While ignorance is an evil thing and this Message Board’s main purpose is to fight it, the problem is that according to a lot of people here, I have a lot of it.
If you know Anonymous User even the slightest bit, you are probably aware of my ignorance in almost any thread I post in.
How do I not be so ignorant?
I really don’t want to be ignorant. I am a Socrates fanboy and as he said, “There is only one good, knowledge, and one evil, ignorance.”
Simple. Talk less and listen more. When you think you have something to say, think about it and don’t say it. If you do say something, then listen to all points for and against and then don’t say anything.
By following this process, I tend to lurk more than I probably should, but I do benefit from only being called ignorant from myself
What **FordPrefect said. Also, it might be a good idea to remember this quote whenever you feel the need to jump in and post in a thread:
**
"Better to remain silent and be thought a fool, then to open your mouth and remove all doubt."
Anonymous User, in your case, you are young, and some level of ignorance is normal. Simply realizing that you are ignorant and desiring to learn is a pretty good start. All of us are ignorant in some respect, and the best we can do is to continue to broaden our knowledge. There’s nothing wrong with not knowing things, so long as you’re willing to learn.

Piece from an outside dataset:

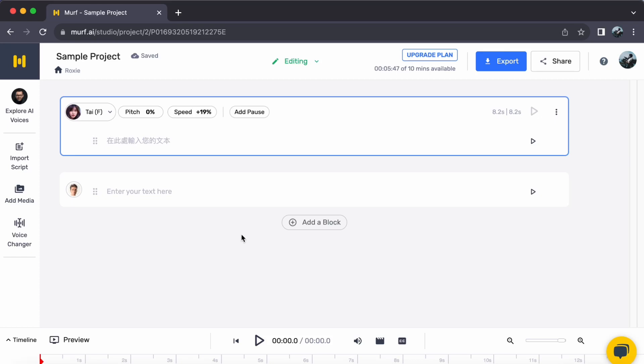Hey everyone, welcome back to our channel. Today, let us journey together on how to text to speech in Dutch in Murph AI. So, let us begin.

From a message board context, seek to understand rather than argue. If someone disagrees with you, try to understand why. Ask questions rather than posting rebuttals.
Including my lurking time before signing up, I’ve been reading the Dope since I was 13. I was on Snopes before that. Most of my net time is spent reading, as opposed to watching Youtube or listening to Spotify. Ignorance is cured by learning.
I agree with this 100%, and I would add: Read everything. Read books, magazines, fiction, nonfiction, newspapers (if you can find them), labels, advertisements, the sides of buses.
Here’s a good definiton of ignorance: “lack of knowledge, education, or awareness.”
So how does one acquire knowledge, education, and/or awareness? Schooling, life experience, reading, doing activities – the knowledge accumulates over time.
Three key things I’ll mention:
Arguably the worst form of ignorance is not realizing the limits of what you know. Those who think they know it all tend to remain ignorant. That you recognize your own ignorance bodes well for your increasing your knowledge and thus decreasing your ignorance.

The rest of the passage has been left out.